Recently I had some blinds made and fitted in my house. I have been slightly misleading in my title as this ultimately required the input, of not one, but three blind men or “technicians” if description applies better.
The first blind technician, a polite young man probably trainee in the art, came to measure the four windows requiring blinds. I carefully chose the fabric from his booklets and ultimately received a quote.
In quick time I received a phone call saying that a second blind man would come to install my blinds. I found him an affable middle aged gentleman who competently did his job and was dismayed, yet completely solution focussed when, on starting to affix the fourth blind, he found the measurements of that particular window had either been unsuccessfully made or wrongly transmitted to the maker. He was careful not to traduced the polite young trainee or the helpful young woman who liaised between customers and blind tradespeople.
I was very happy with the way he hung the three correctly sized blinds. He had been very conscious of my furniture arrangement when placing the cords or “chains” so that I would be able to very easily access them to open or close the blinds.
Less than a fortnight later a third blind technician arrived with the replacement blind. He seemed very distressed about, not my having to wait for the last blind, or indeed that the error had been made and I had to be available for a second call, but on how inconvenient it was for him to have to come out and hang only one blind as a consequence of someone else’s error.
As he was led to the offending window he asked to see the other blinds that had been hung. He claimed, loud and long, that they had been hung the wrong way around. Is their indeed a “wrong” was to hang a blind? I expressed my complete satisfaction with them and he hung the one remaining blind the way he wanted to and grumpily departed.
In the months since, I have pondered these disparate views about blind hanging. The first hanger had, not only positioned the cords so I could reach them easily, but had hung the blinds so the the opening of them was a more accessible task than the closing. The second hanger had done them the other way around so that the opening was the more awkward task.
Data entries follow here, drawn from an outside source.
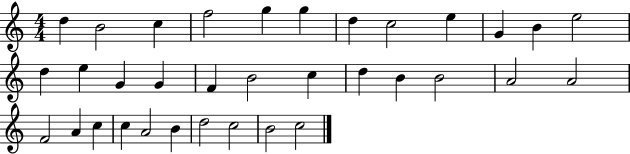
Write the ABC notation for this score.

X:1
T:Untitled
M:4/4
L:1/4
K:C
d B2 c f2 g g d c2 e G B e2 d e G G F B2 c d B B2 A2 A2 F2 A c c A2 B d2 c2 B2 c2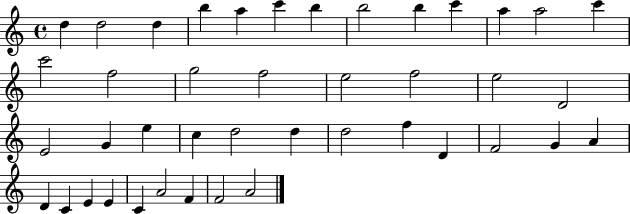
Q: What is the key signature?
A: C major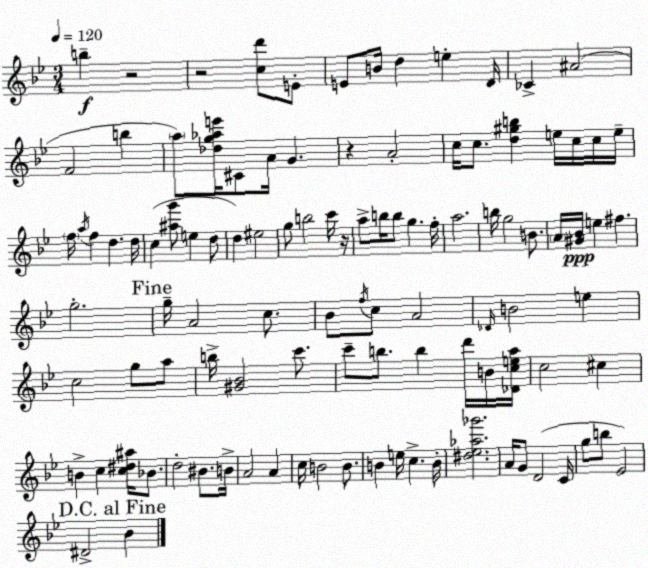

Did this match their disparate views of the world? The first man was so positive, even in a slightly difficult situation, and obviously his view was that joining the wider world at the first opportunity was an important factor in the provision of blinds. The second man, apparently disappointed at the offerings of life, finds it necessary to shut out that world as long as possible so we can, instead, admire the beauties of a shuttered environment.
Oh what we can learn from the views of blind men!
I dwell on this thought as I open the blinds at the first opportunity each morning.
Thank you first blind hanger and please go and cheer up your hanging partner.